Aleph Alpha Research’s mission is to deliver category-defining AI innovation that enables open, accessible, and trustworthy deployment of GenAI in industrial applications. Our organization develops foundational models and next-generation methods that make it easy and affordable for Aleph Alpha’s customers to increase productivity in finance, administration, R&D, logistics, and manufacturing processes.
We are hiring to grow our org in Heidelberg, Germany, and are looking for well-rounded, experienced AI Software Engineers with experience in DevOps/MLOps.
As an AI Software Engineer in Aleph Alpha Research, you help the research teams take model and algorithm development to the next level. You own significant portions of the research infrastructure, including the pipelines related to data processing, our testing infrastructure, and engineering-heavy parts of our distributed training software. You also contribute your software engineering experience to research projects that have a significant influence on our ability to deliver novel category-defining AI capabilities.
As part of our Infrastructure and Platform Engineering Team, you maintain and develop cluster infrastructure, manage cloud infrastructure, build and manage DevOps and MLOps pipelines, implement SE best practices (CI/CD, monitoring, testing frameworks), and collaborate and co-develop with our Data Center Infrastructure Team as well as Product Teams on shared platform components or projects.
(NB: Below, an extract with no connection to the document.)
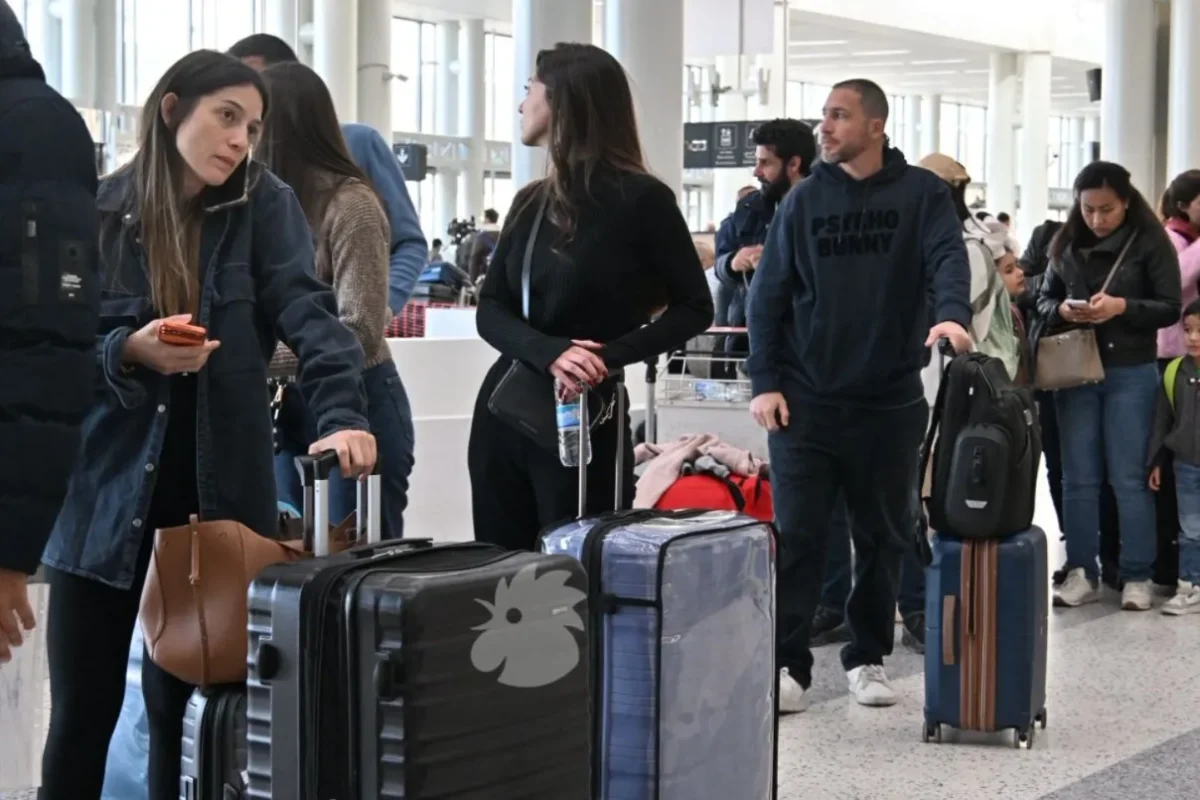 هل سيُغلق مطار بيروت بعد التهديد الإسرائيلي الواسع للضاحية الجنوبية؟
In our Data Engineering and Distributed Training Team, you engineer and optimize data processing pipelines, develop and maintain components of distributed training software, and build and maintain infrastructure and support for data-heavy tasks.
As part of our Research SE Teams, you work alongside Researchers and other SW Engineers on model and algorithm development, collaborate on ablation studies, Proof of Concepts (POCs), and model optimizations. You create robust, maintainable codebases that support efficient transition of new technologies and R&D artifacts from research to production, and co-own efforts that aim to make parts of our code source available to the broader research community.
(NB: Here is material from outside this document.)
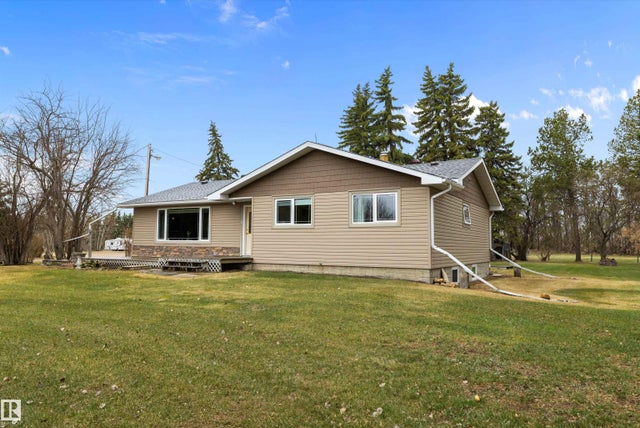 55518 & 55516 Rge Road 250, Rural Sturgeon County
Depending on your profile, you will contribute to one or more of the following areas:
Design and (continuous) development of the research infrastructure, establish mechanisms that improve code quality, testing, and feature delivery
Support the development, training, and maintenance of deep learning models, in collaboration with the researchers as well as the SW/HW engineers at our distributed computation centers
Developing and optimizing lower-level code for data processing, tokenization, or research projects
Contributing your software-engineering expertise to research projects (this could be, for example, in areas such as agent interfaces or data generation)
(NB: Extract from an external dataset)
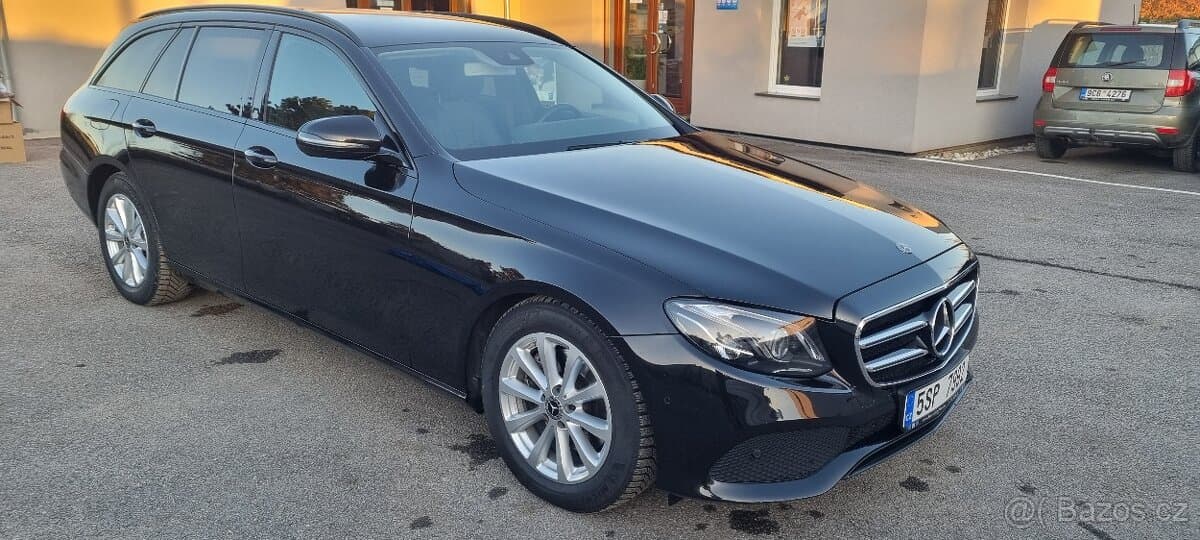 2018 Mercedes-Benz E-CLASS - 3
Help production AI research innovations into real-world applications
Engaging in our hiring process and otherwise mentoring engineers and researchers in terms of software development best practices
Most of our training code is written in Python, with PyTorch being our main deep learning framework. Some of our lower-level code is written in Rust.
Basic Qualifications
3+ years of non-internship professional software development experience, with demonstrated ability to solve complex and novel problems independently using state-of-the-art scientific approaches.
2+ years of experience in the design or architecture (e.g., design patterns, reliability, scaling) of new and existing systems, contributing critical path code to impactful projects.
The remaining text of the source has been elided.